Here's a look at the West Virginia Mountaineers' non-conference football schedule in 2011.

Sunday, September 4, Marshall. The Dana Holgorsen era begins in the so-called Coal Bowl as the Mountaineers face the rival no one wants to admit is a rival: the Marshall Thundering Herd. Marshall has never beaten West Virginia, and it should stay that way. Last year's game in Huntington went to overtime and generally made WVU fans feel sick to their stomach, a harrowing foreshadowing of the Pepto-Bismol-requiring football that would follow the ‘Eers throughout the 2010 season. This year's contest is the most anticipated game of the year for Mountaineer fans, if only because it will be their first real look at Holgorsen's vaunted pass-first offense. If the new coach had any sense of humor at all, he'd run a bubble screen on the first play from scrimmage. Barring that hilarity, look for the Mountaineers to display their newly implemented vertical passing game and win going away.  While last season's contest was a heart attack in four quarters, this year's game should be a snooze. Forecast: WVU 42, Marshall 14.

Saturday September 10, Norfolk State. After a short week, the Mountaineers return to action at home against Norfolk State. Everything you need to know about Norfolk State: their nickname is the Spartans and team colors are green and yellow. I'm sure there are scouting reports about, you know, who is actually on the NSU team, and what sort of offense and defense schemes they run, but really, what's the use?
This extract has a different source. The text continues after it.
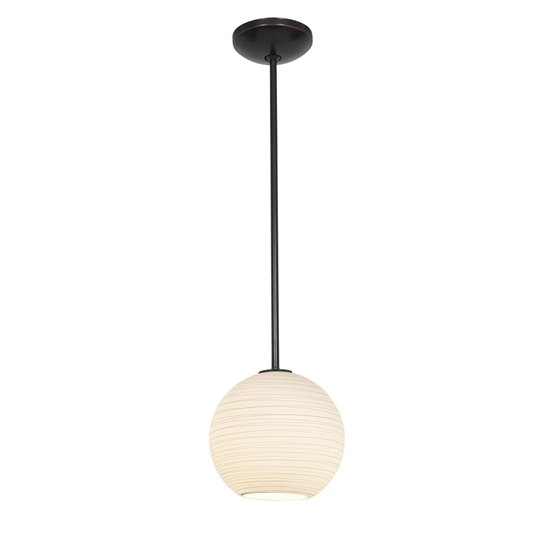 Picture of 100w M Japanese Lantern Glass Pendant E-26 A-19 Incandescent Dry Location Oil Rubbed Bronze White Lined Glass 10"Ø10" (CAN 1.25"Ø5.25")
This is a pay-for-slay game in Morgantown, and is the closest thing on the ‘Eers schedule to a pre-season scrimmage. With athletic director Oliver Luck jettisoning half-time re-entry at Mountaineer Field in return for beer in the concession stands this offseason, the only question remaining is, how many fans will be left in the stands by the start of the fourth quarter? Forecast: WVU 49, Norfolk State 9.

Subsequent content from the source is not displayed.